Content starts

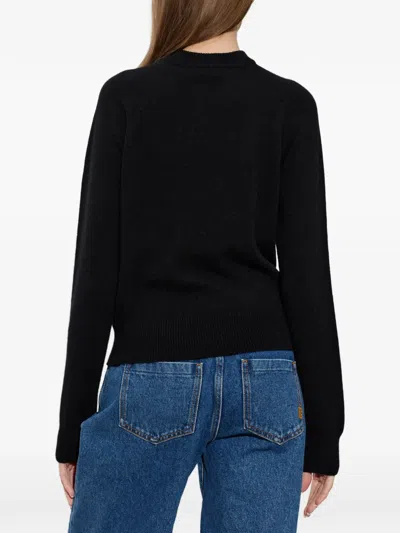 Balmain Button-embellished Raglan-sleeve Sweater In Black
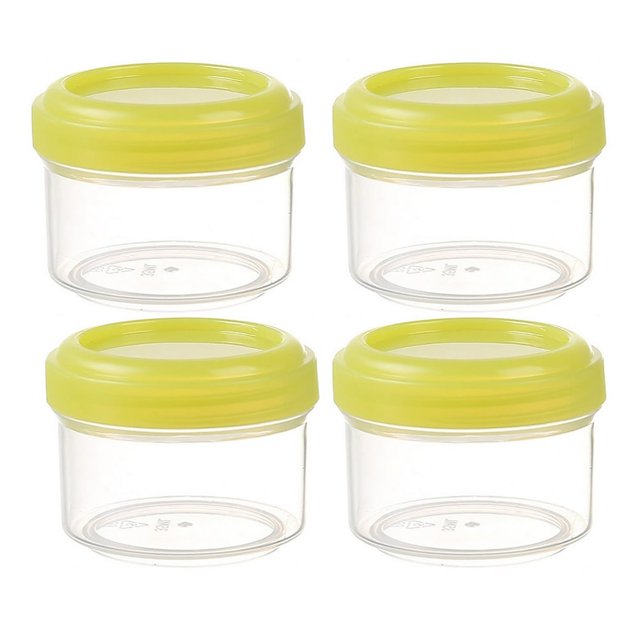 SUTENGDA Salad Dressing Container- 35ml Small Containers with Lids Leakproof Condiment Containers Reusable Plastic Sauce Containers Stackable Small Dipping Sauce Cups Set Without BPA (4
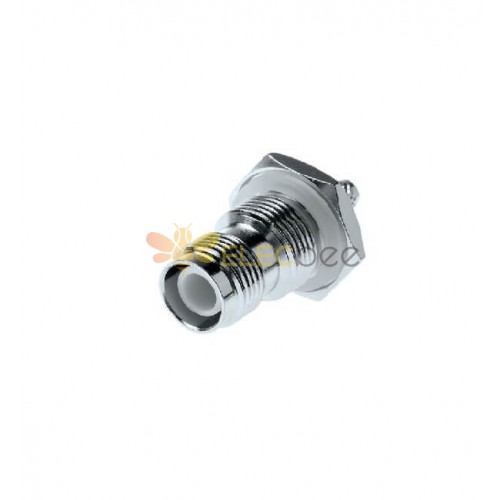 TNC Connector Crimp Termination Reverse Polarity Straight Female 50Ω Bulkhead Bulkhead Fitting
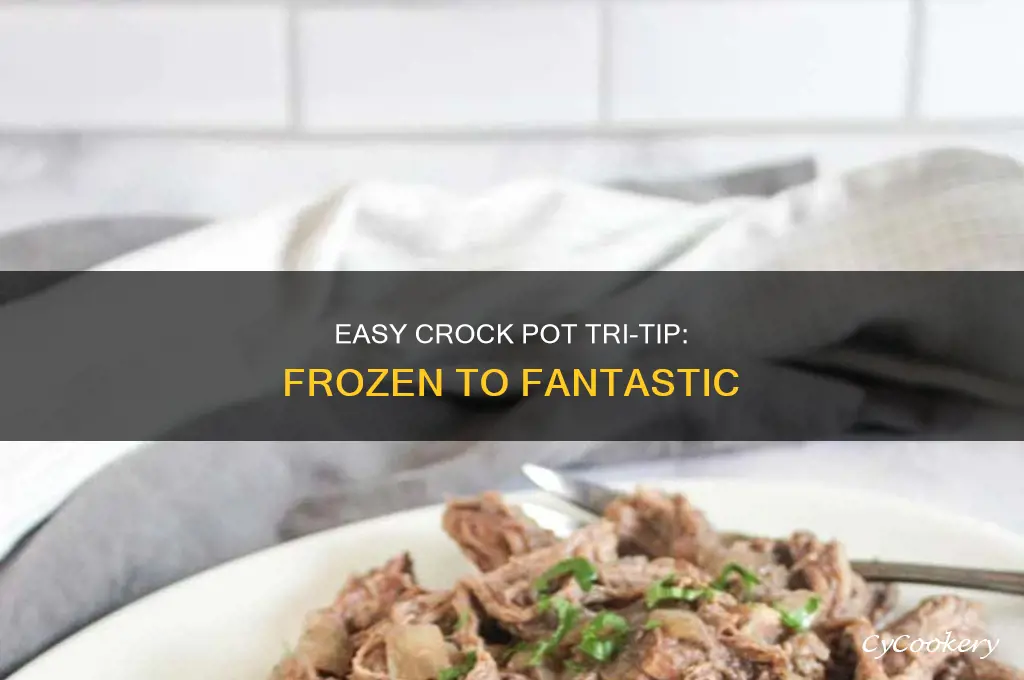 how to cook frozen tri tip in crock pot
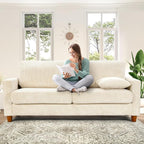 Kidirect 70in L Shaped Couch, Modular Sofa No Tool Assembly, Comfy Sectional - Image 2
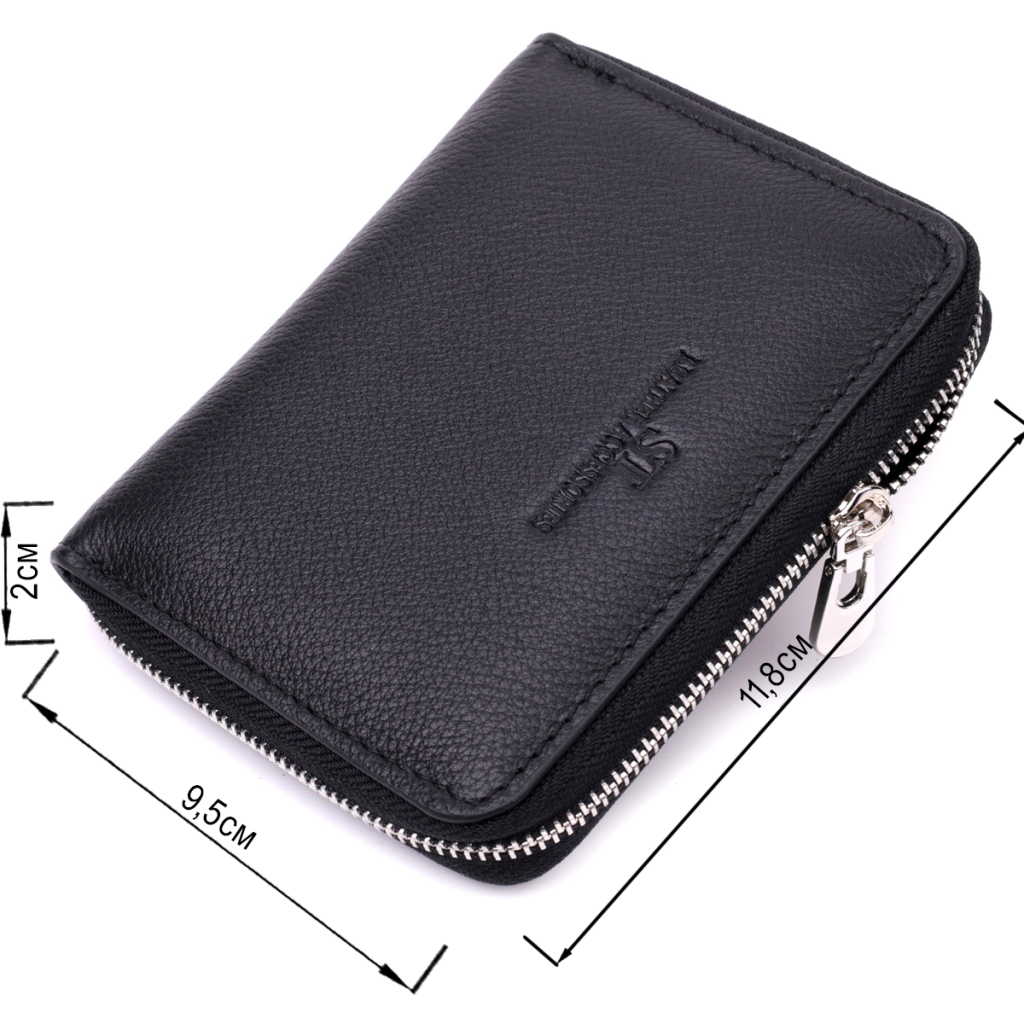 Гаманець ST Leather Шкіряний Чорний (19489) - зображення 3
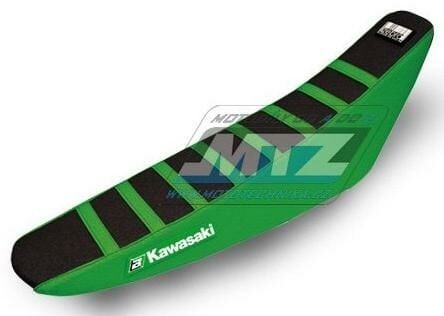 Obrázek produktu Potah sedla Kawasaki KX125+KX250 / 03-08 - zeleno-černý (typ potahu ZEBRA) (bb1412z)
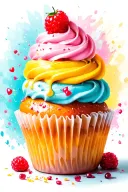 cupcake tower tattoo design idea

Content ends

* TASK ITEM: Could you reproduce the data above exactly, without its pictures?

* REPLY TO THE EXERCISE:
 Balmain Button-embellished Raglan-sleeve Sweater In Black
 SUTENGDA Salad Dressing Container- 35ml Small Containers with Lids Leakproof Condiment Containers Reusable Plastic Sauce Containers Stackable Small Dipping Sauce Cups Set Without BPA (4
 TNC Connector Crimp Termination Reverse Polarity Straight Female 50Ω Bulkhead Bulkhead Fitting
 how to cook frozen tri tip in crock pot
 Kidirect 70in L Shaped Couch, Modular Sofa No Tool Assembly, Comfy Sectional - Image 2
 Гаманець ST Leather Шкіряний Чорний (19489) - зображення 3
 Obrázek produktu Potah sedla Kawasaki KX125+KX250 / 03-08 - zeleno-černý (typ potahu ZEBRA) (bb1412z)
 cupcake tower tattoo design idea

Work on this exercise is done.